To: Taikun who wrote (49340)5/3/2004 9:34:55 AM
From: TobagoJack  Read Replies (1) | Respond to of 74559
 
Taikun, I believe enormous debt is supporting high asset prices, especially the highly priced paper assets and enormously valued homes, the most liquid & easily traded, and the closest to the hearts & minds;

I guess almost all paper assets are being valued for their imaginary capital gain potential and not so much on their actual income-paying ability;

I figure most folks would be hard-pressed if they had to buy their homes again, if doing so without the benefit of a trade-in home, and thus only on the merit of their cash-savings, income, and loan-service ability at anything resembling normalized interest rate;

I suppose debt is always cleared by repayment, or default. If cleared by repayment, then the repayments are not spent on other goodies, and if by default, then will be accompanied by debt-default engendered deflation of underlying asset value;

I imagine, given the pervasively high debt-level across entire societies, and of the officialdoms, much debt, or even most debt around the world will never be repaid;

I calculate that if much of the debt will not be repaid, then much of the debt is in fact worthless.
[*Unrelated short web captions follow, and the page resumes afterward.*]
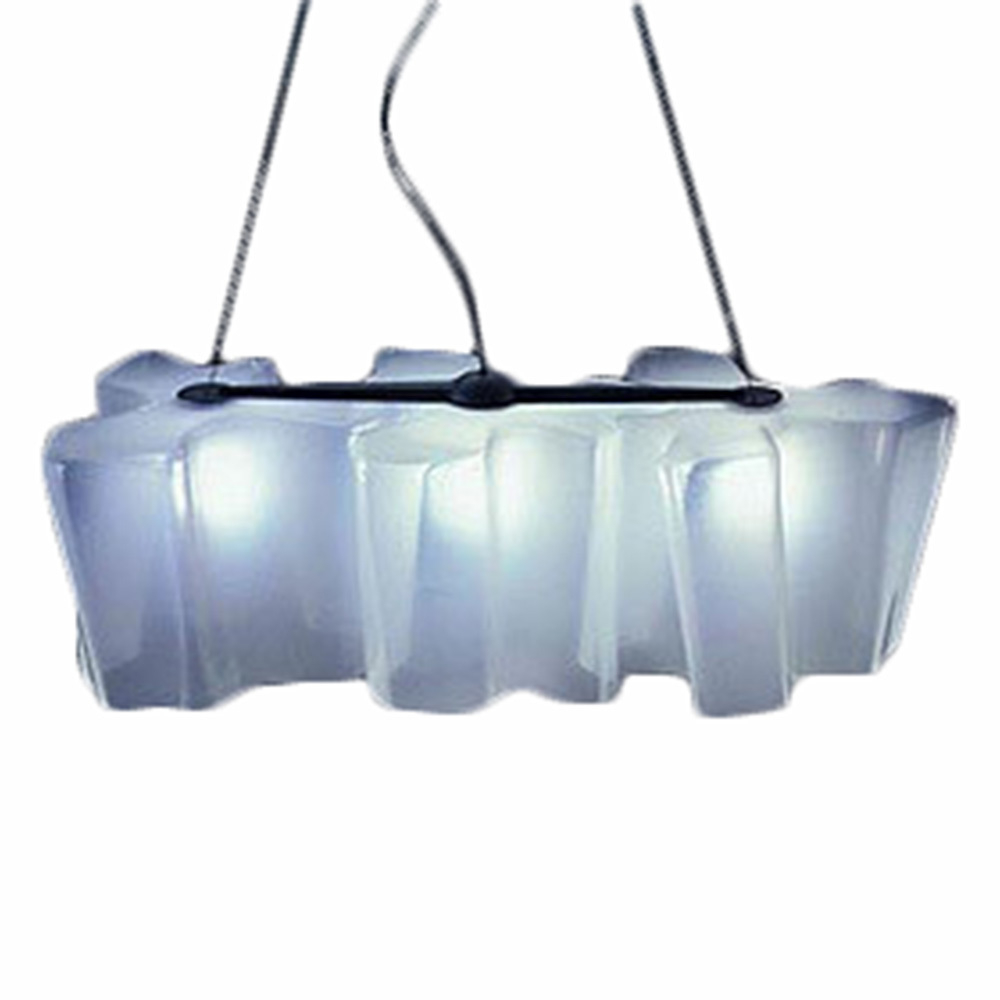 Logico Pendelleuchte Mini: Dreiflammige Hängelampe von Artemide mit modernem Design und diffusem Licht.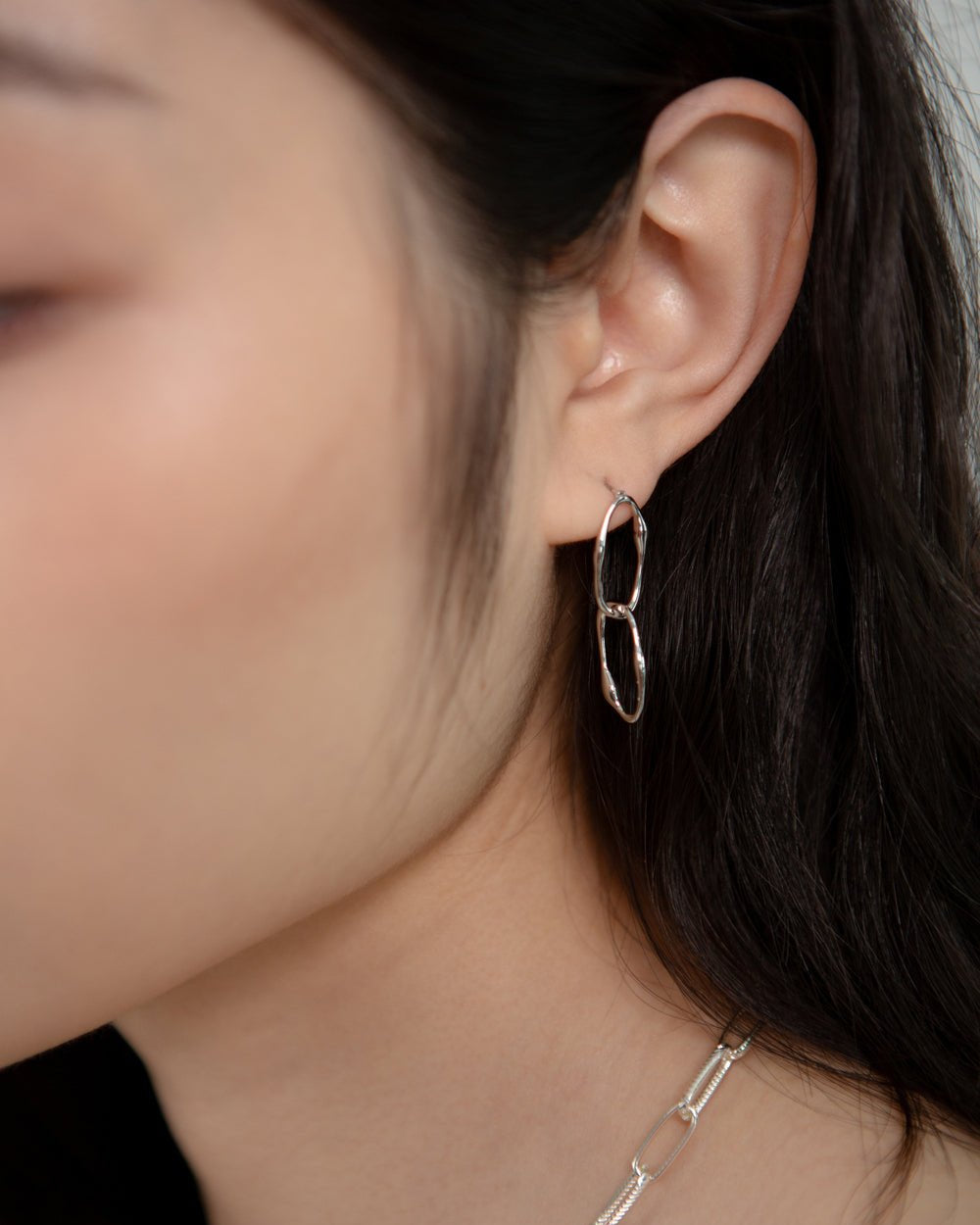 SAERO COLLECTIVE | Raindrop Earrings | Gold
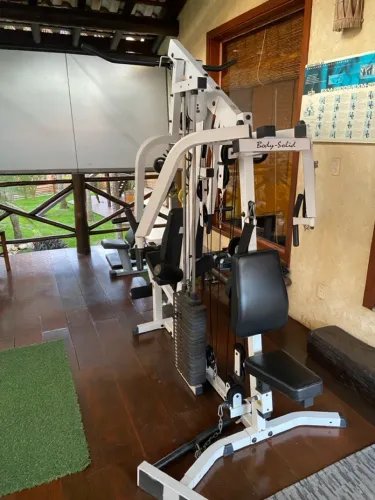 Academia completa Body-Solid - Ótimo estado!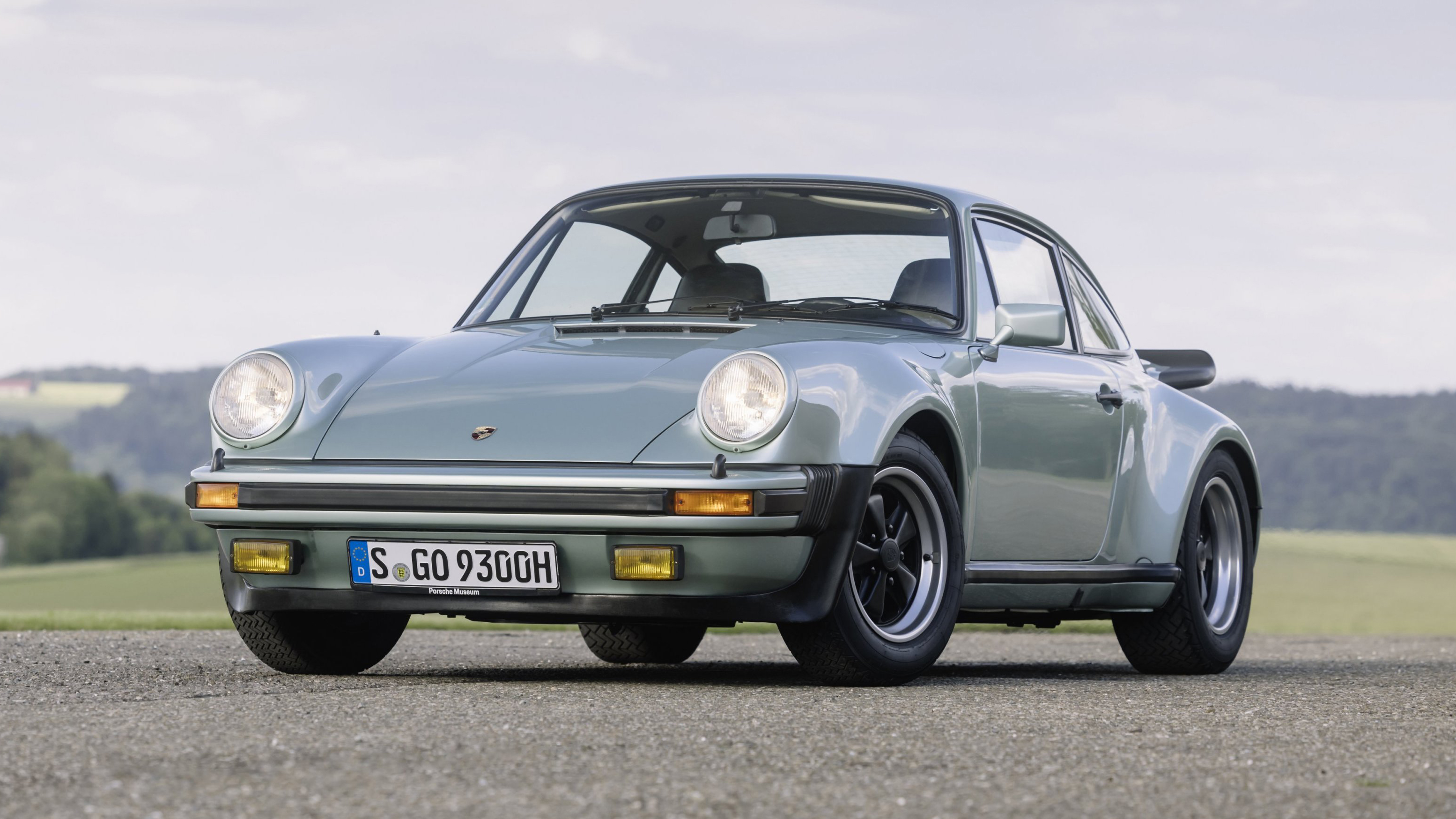 Original Porsche 911 Turbo front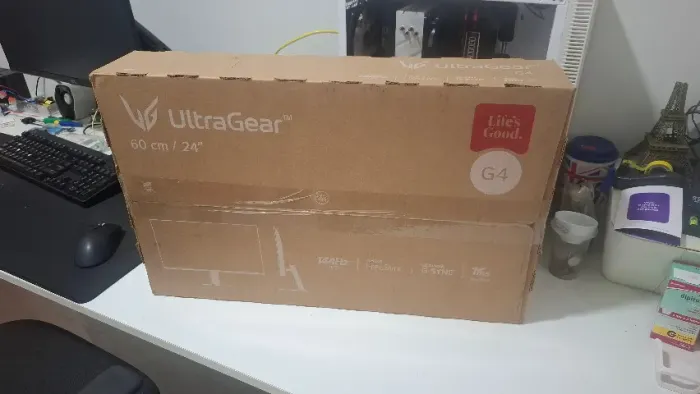 Monitor Gamer LG UltraGear 24" IPS 144Hz 1ms (24G411A) - Lacrado na Caixa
If the aggregate debt is worth-less, then new debt will not be forthcoming; if so, much of the asset values backing the worth-less debt are then similarly worth-less;

So, asset value deflations must be straight ahead.

But the officialdom will fight asset value deflation with the ferocity of a cornered rat, and their only tool is a flood of cash, in ever-increasing quantity, and ever-decreasing value;

So, currency debasements must also be around the corner.

But currency debasement is invariably accompanied by inflation of things that is available only in limited quantity.

So, natural resource inflation must logically be somewhere around.

I cannot seem to get out of the logic loop described above, and I must therefore be thankful that the commodity correction is happening, and hope that the correction be dreadful.

We cannot know the chronology of deflations/debasements around the world with any precision, as crisis travel through various national markets, and currencies grind against moolah.

As I had earlier thought that a “miserly, miserable and all expected 1% interest rate drop by Al Greenspan will not be able to stop the bleeding” Message 15113604 <<January 3rd, 2001>>, I now believe a few half-hearted interest rate increase of a few hundred basis points will not derail the script of currency debasement, preclude natural resource inflation, or prevent eventual asset value deflation.

Besides, Greensputin has neither the apparently uncommon sense nor the necessary political gumption to do the right thing.

Therefore ruination straight forward,

... or, as CB had wisely pointed out, Message 20042246

In other words, the script Message 15113604 <<January 3rd, 2001>> is intact, but now only more horrifying.

After ruination, rebirth, and rebuilding the debt bubble, eventually.